Being a Teacher (Bagian 8) - Serangkaian Refleksi

Saya, mandi di sungai: Melepas penat setelah keluar dari pekerjaan..hehe :)

Mengundurkan Diri dari Pekerjaan dan Menjadi Pengangguran

*Aziza Restu Febrianto

Semua kenyataan yang tidak sesuai dengan harapan selama bekerja di kantor tidak membuat saya patah semangat untuk bekerja. Saya harus tetap bekerja keras dan mencoba berbagai peruntungan lain lagi ketika kesempatan itu datang. Tugas demi tugas saya nikmati hingga akhirnya membawa saya pada sebuah insiden yang menjadi ujung berakhirnya karir saya sebagai kepala cabang di sebuah kantor lembaga bimbingan belajar. Semuanya berawal dari ketidakprofesionalitasan pemilik usaha (owner) yang selalu menunda pembayaran investasi (goodwill) dan dana operasional kepada kantor pusat. Sikap pemilik usaha ini akhirnya berdampak pada sarana dan prasarana pembelajaran yang tidak sesuai dengan Standard Operational Procedure (SOP).

Beberapa bulan berjalan, semua kegiatan pembelajaran dan pekerjaan lainnya masih berjalan dengan normal. Namun si pemilik usaha ternyata telah mendapatkan beberapa peringatan terkait dengan penundaan pembayaran. Akibatnya kantor pusat enggan mengirimkan sarana dan prasarananya ke kantor cabang Salatiga. Karena semua pembelajaran harus berjalan dengan lancar, maka si pemilik usaha harus mencari cara agar usahanya tetap berjalan dengan lancar. Beberapa sarana dipaksakan ada dan semua buku lama digandakan dengan biaya yang jauh lebih murah. Akhirnya hal yang tidak diinginkan terjadi. Pihak pusat melaukan kunjungan sekaligus meninjau kantor cabang, yang berujuang pada pemanggilan saya sebagai kepala cabang ke kantor pusat.
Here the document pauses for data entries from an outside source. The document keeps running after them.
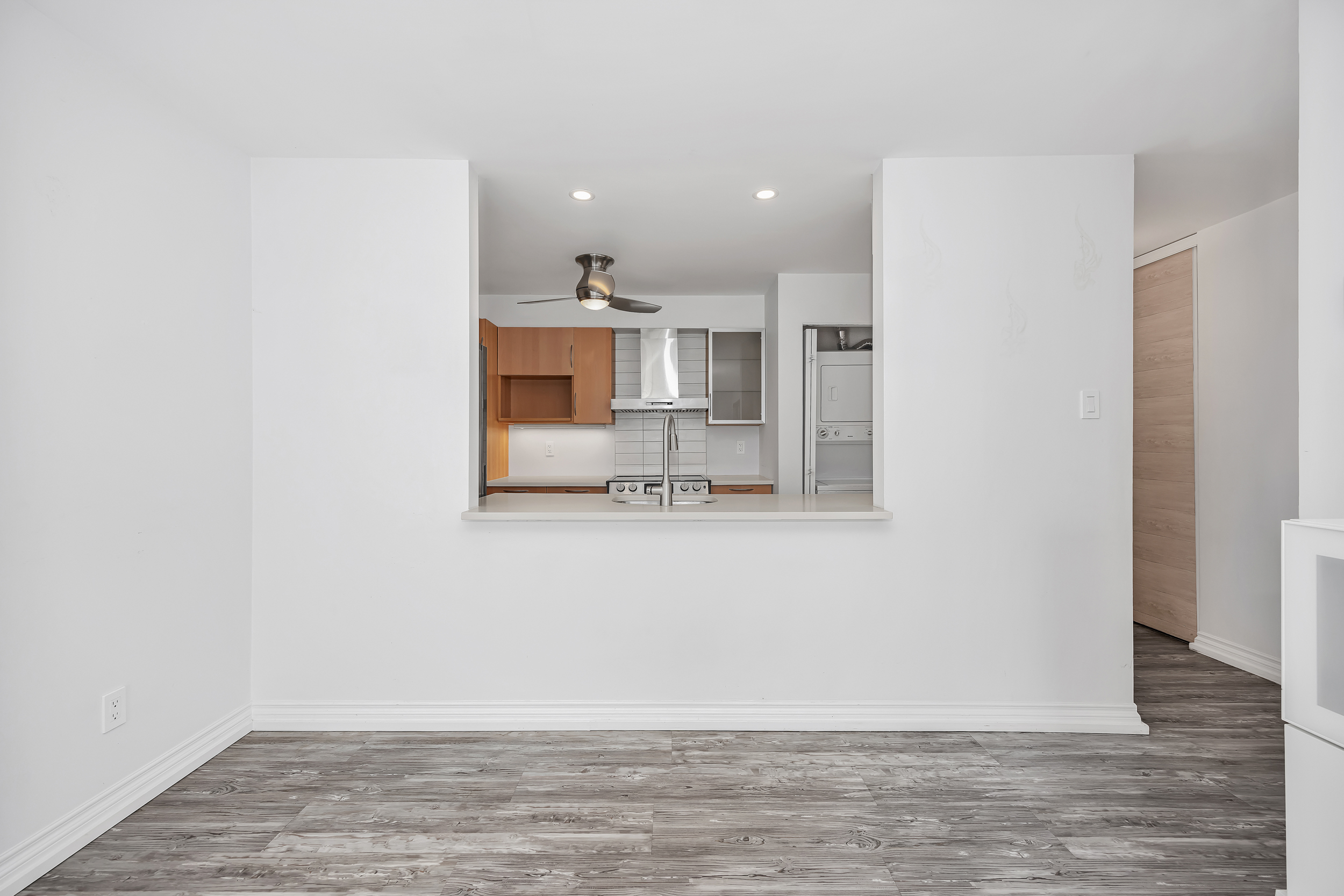 214 Viewmount Drive, Unit 417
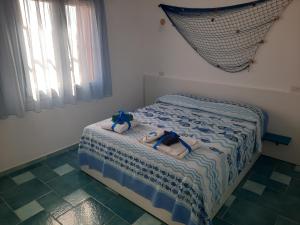 een slaapkamer met een bed met handdoeken erop bij Villa la Torre Maestrale in Torre Dei Corsari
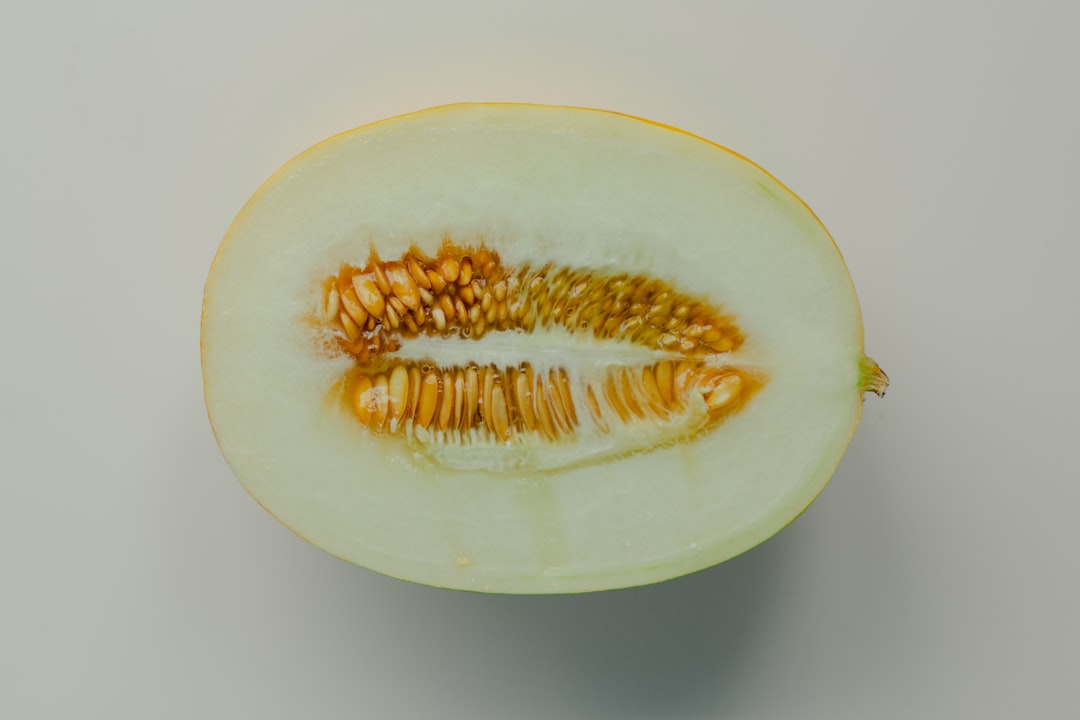 découvrez l'été avec summer melon, un fruit frais et délicieux parfait pour se rafraîchir et savourer la douceur estivale.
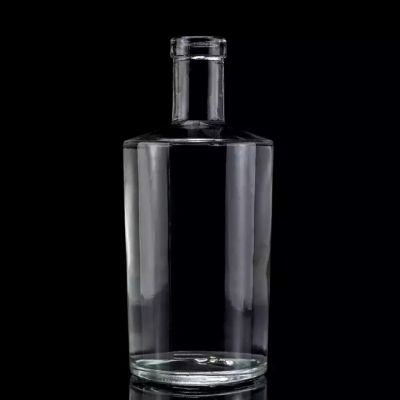 2020 Newly Developed Round Shaped 750ml Rum Glass Bottle Popular Design Premium Glass Bottle In China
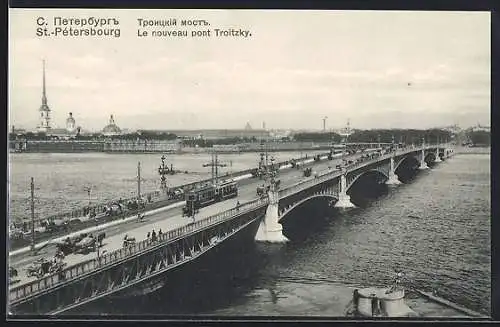 AK St. Petersburg, Le nouveau pont Troitzky, Brückenansicht mit Strassenbahn, Kutschen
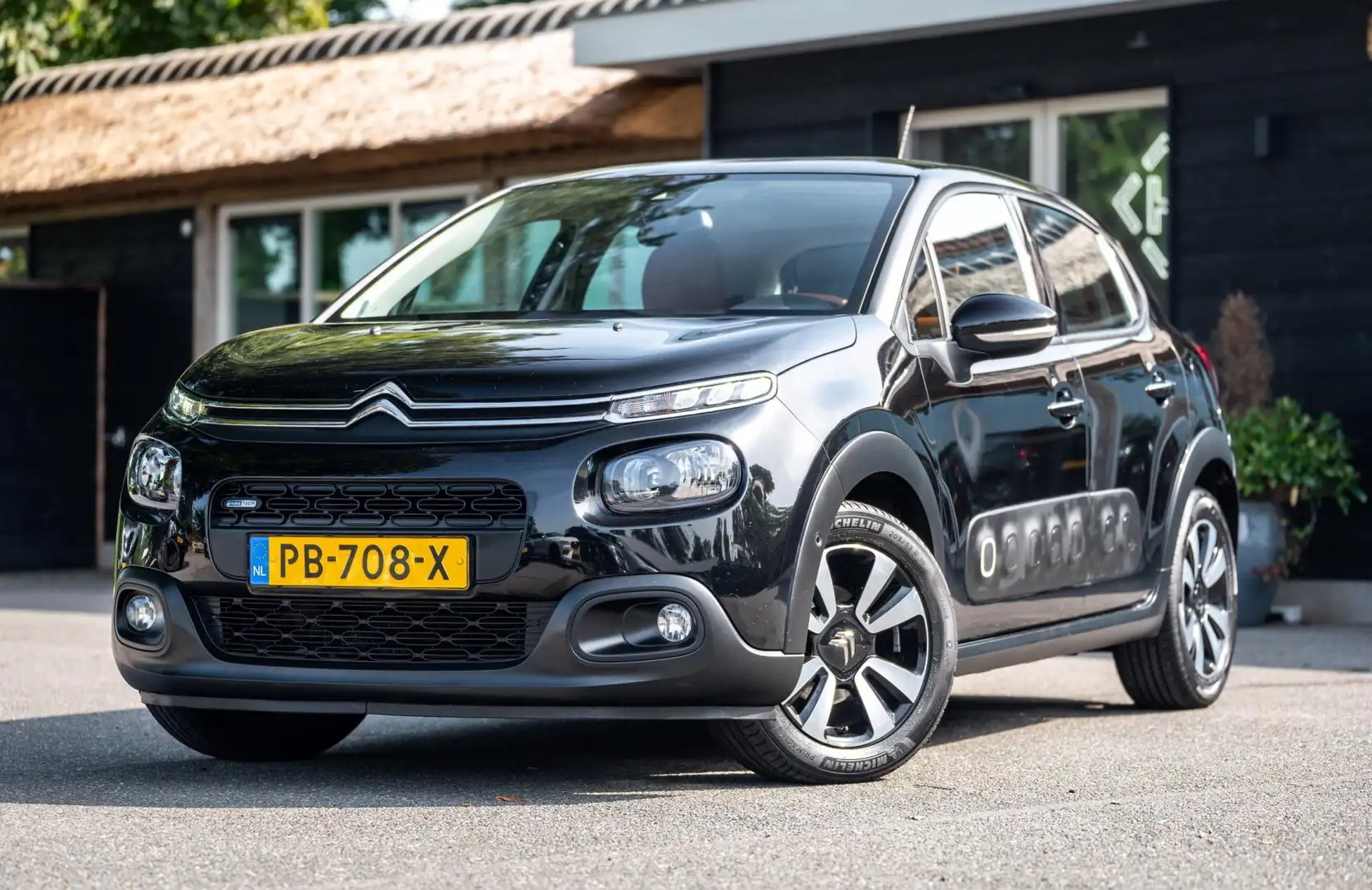 Citroen C3 1.2 110 PK Shine Half Leder I Climate I Cruise I P Noir - 1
Dengan ditemani si pemilik usaha, sayapun berangkat ke kantor pusat, yang berlokasi di Yogyakarta. Hal yang paling tidak saya suka adalah bos saya (pemilik usaha) tidak mau datang ke pertemuan, sehingga sayalah yang harus sendirian menghadapi pihak kedisiplinan kantor pusat. Sedangkan bos hanya menunggu diluar. Pertemuan yang saya ikuti itu ternyata adalah sebuah persidangan. Saya ditegur dan bahkan dimarahi terkait semua fasilitas di kantor cabang yang tidak sesuai dengan SOP. Beginilah kira-kira perkataan bernada keras dari pihak pusat yang tidak pernah saya lupa.
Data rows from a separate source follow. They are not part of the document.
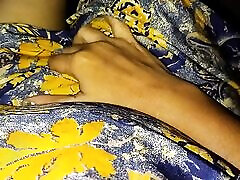 Mallu fingering her small son and saxy mom at midnight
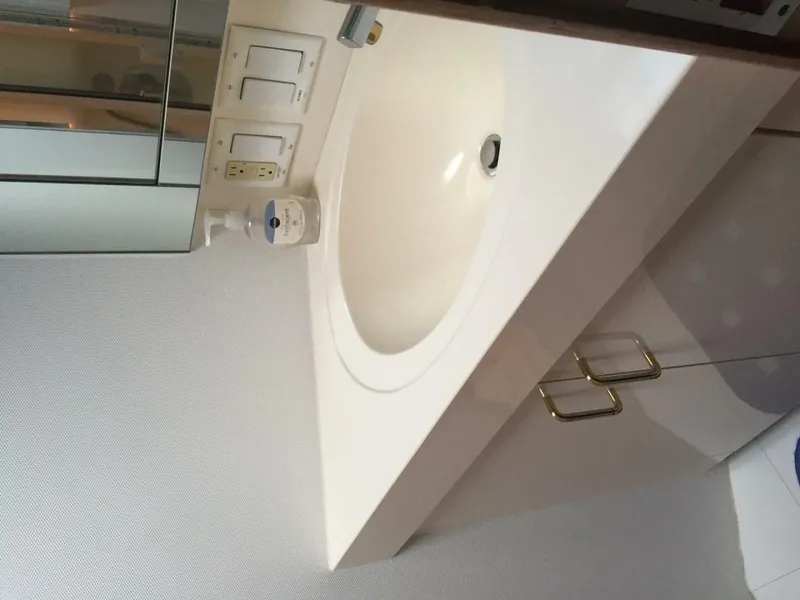Slide: The Image of Hatteras 70 Cockpit Motor Yacht 1994 - 57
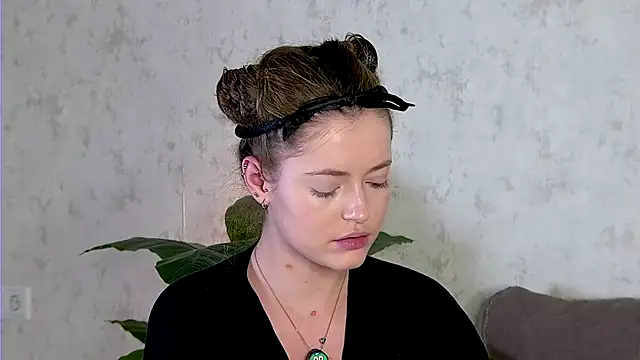 AshleyD  online show from December 1, 2:15 am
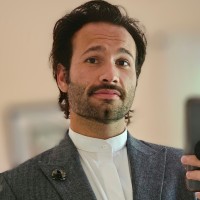 Jonathan Fox Email & Phone Number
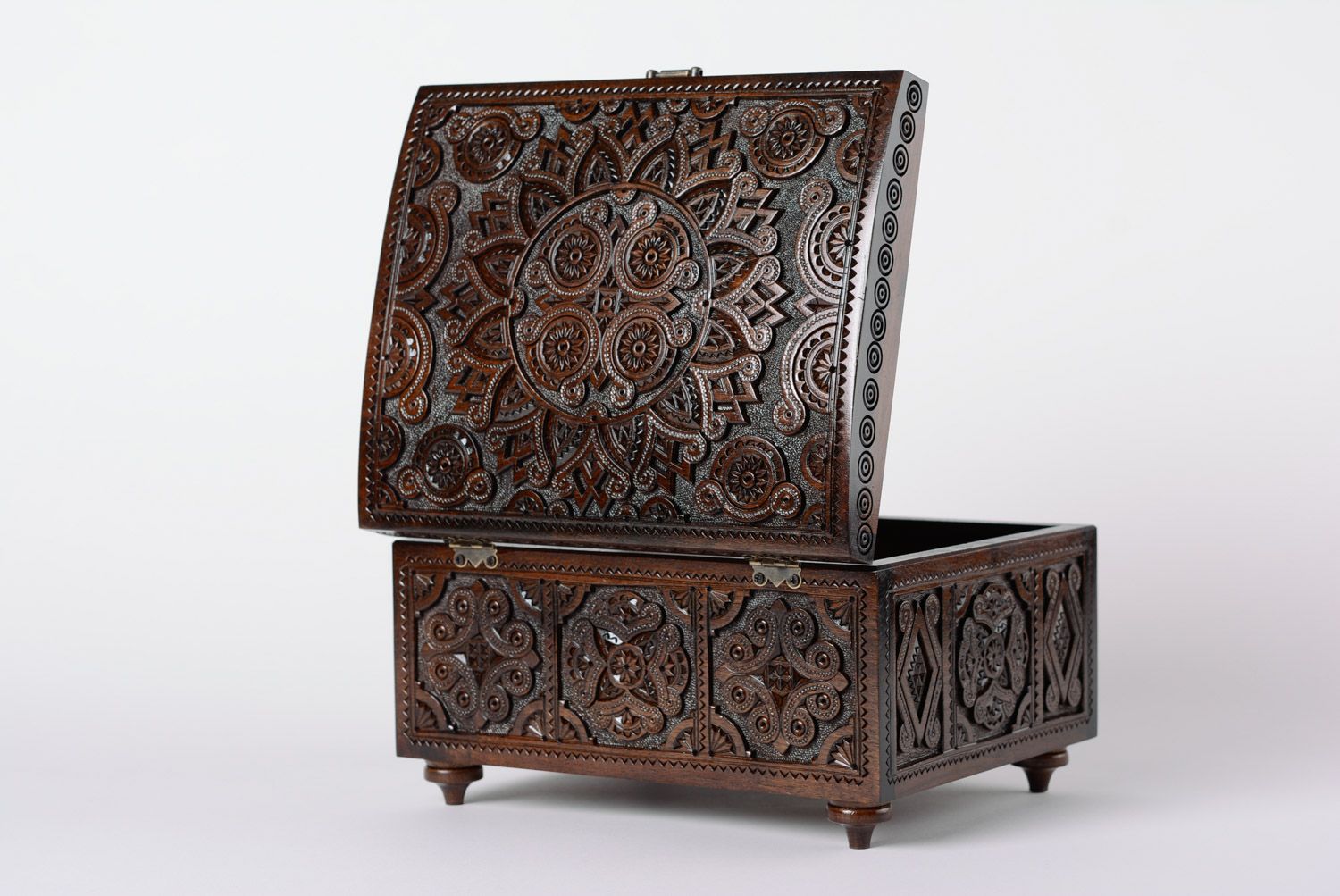 Boîte en bois décorative faite main originale brune avec sculpture et couvercle photo 1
“Mas Restu ya..Kepala cabang Osamaliki Salatiga....kamu tahu pekerjaan itu adalah ibadah. Bagaimana bisa kamu memanipulasi data dan menggandakan semua sarana dan prasarana yang ada tanpa SOP. Mbok kamu itu belajar dari mas Bayu di Semarang itu. Dia itu kerjanya bagus banget. Tidak kayak kamu, payah!.”
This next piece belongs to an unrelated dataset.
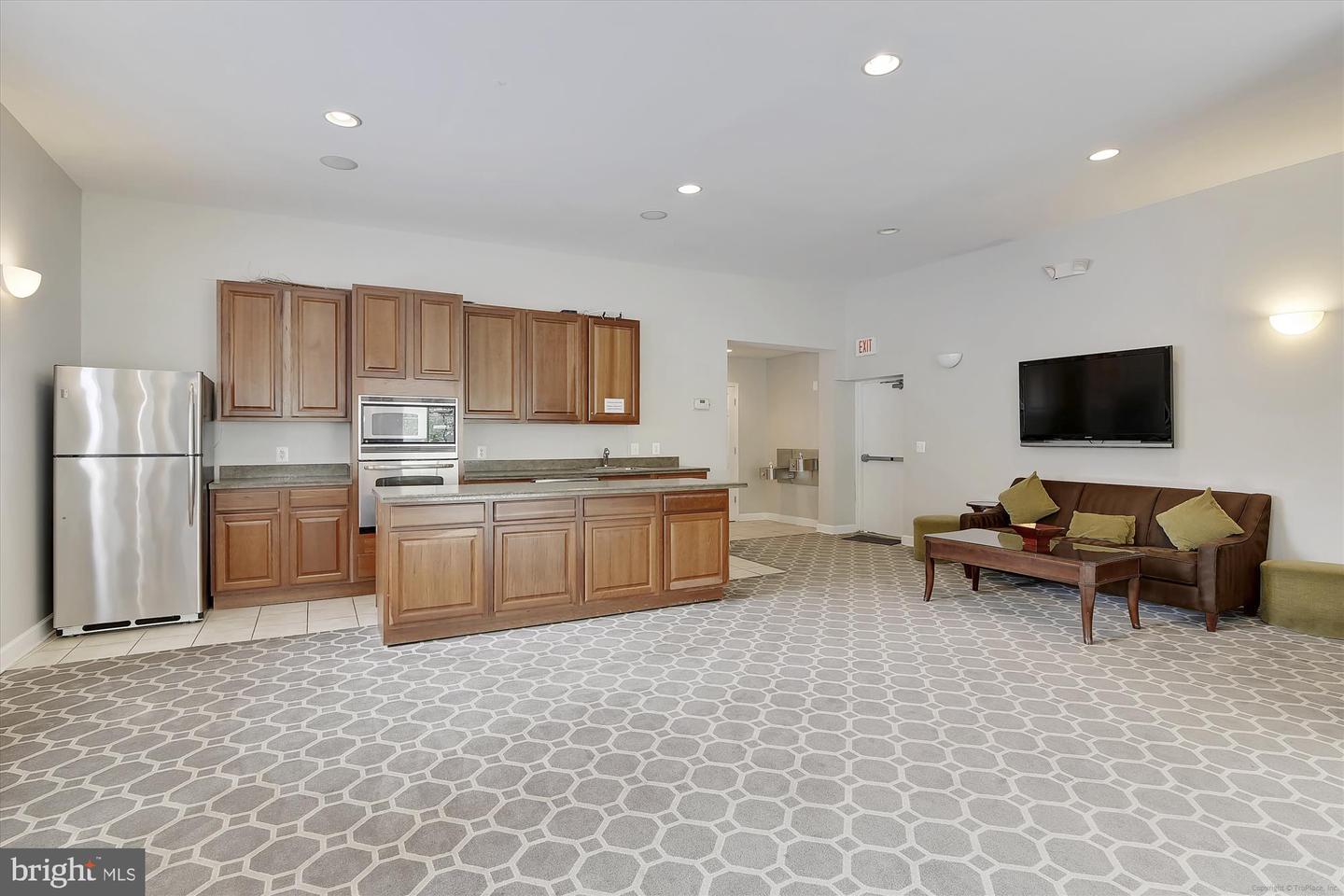 6147 LEESBURG PIKE #107, FALLS CHURCH, Virginia 22041, 2 Bedrooms Bedrooms, ,1 BathroomBathrooms,Residential,For sale,6147 LEESBURG PIKE #107,VAFX2287366 MLS # VAFX2287366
Mendengar kalimat itu dari mereka membuat saya kaget dan sangat kecewa...sangat kecewa sekali. Saya sedih bahwa selama ini saya telah masuk dalam lingkaran fitnah. Pemilik usaha ternyata tidak amanah dalam menjalankan usaha lembaga. Meskipun posisi saya adalah kepala cabang, semua keputusan tentu harus atas ijin pemilik usaha. Jadi selama ini saya telah ditipu. Keesokan harinya (tepat 2 tahun sejak saya pertama kali bekerja), dengan berat hati saya harus memutuskan untuk keluar dari pekerjaan. Namun, akibat keputusan saya ini, akhirnya saya menganggur cukup lama di rumah.